The Gospel According to Bishop Lance Henriksen

Deadly Movie Connections: Bishop, Played by Lance Henriksen in Aliens (1986), Alien3 (1992), and Alien vs. Predictor (2004)

Lance Henriksen can hold his head up high and proudly acclaim that he is only second to the mighty Sigourney Weaver when it comes to appearances in Alien movies, three to the latter’s four. There is however a slight quandary when it comes to the continuity of this Deadly Movies connection, let’s start at the beginning, and by the beginning I mean the year 2172.

Aliens (1986): Dir James Cameron. The android Bishop would first appear as an advanced model of the Ash android (Alien 1979 played by Ian Holm). Bishop is the executive officer aboard the military vessel Sulaco, destined for a rescue mission on LV-426. Bishop is essentially a strategic planner who’s primary function is to aid human survival by any means necessary, which he achieves to heroic levels when being torn in half by the Alien Queen.

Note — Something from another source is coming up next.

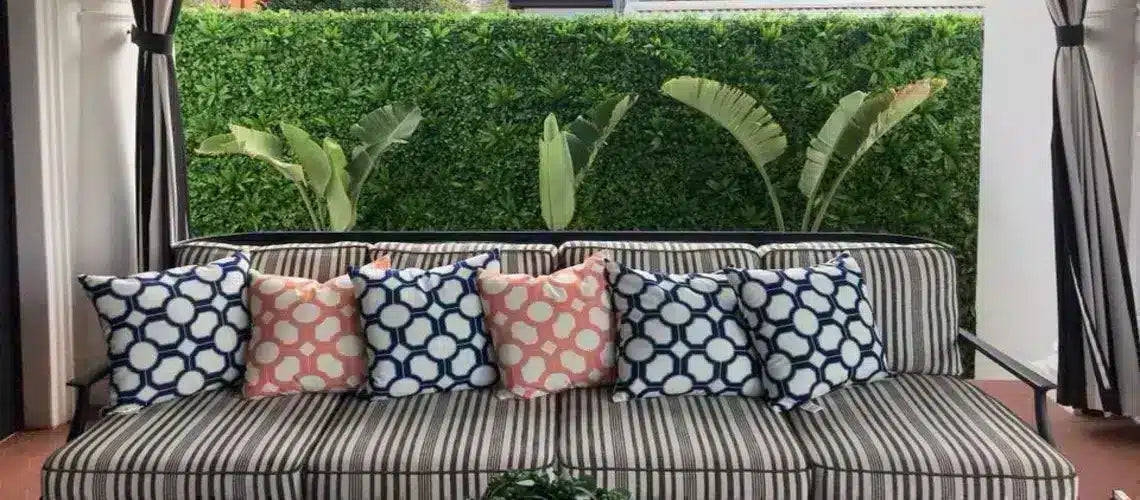 Why Get Artificial Green Walls for Your Outdoor Entertaining Spaces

Of course as an android this is less of a fatal guts-spill and more of a spiny rainbow ball.

Alien3 (1992): Dir David Fincher. Bishop would also appear during the finale of Alien3 billed as Bishop II who claims to be the designer of the Bishop range. After a bit of a skirmish with want away prisoner Morse and his monkey-wrench, Bishop II clearly bleeds from the head (a scene accentuated in the 2003 Assembly Cut whereby Bishop II’s entire ear is hanging off). Blood would indicate that Bishop II is human right? Well Alien lineage teaches us that droids are filled with a milky white goop (see Ash’s decapitation in Alien, Bishop’s torso and legs separation in Aliens, and Call’s weepy wounds in Alien Resurrection) rather than blood. So at this stage Bishop II is either A) a human with a very high pain threshold, or B) an advanced model of android that utilises human tissue (think Terminator). Rumour has it that in the original screenplay Bishop II was indeed a human, a fact backed up by the novelisation whereby Bishop II is a human called Michael Bishop. This ambiguity however left the door ajar for one Paul W S Anderson (cough, asshole, cough).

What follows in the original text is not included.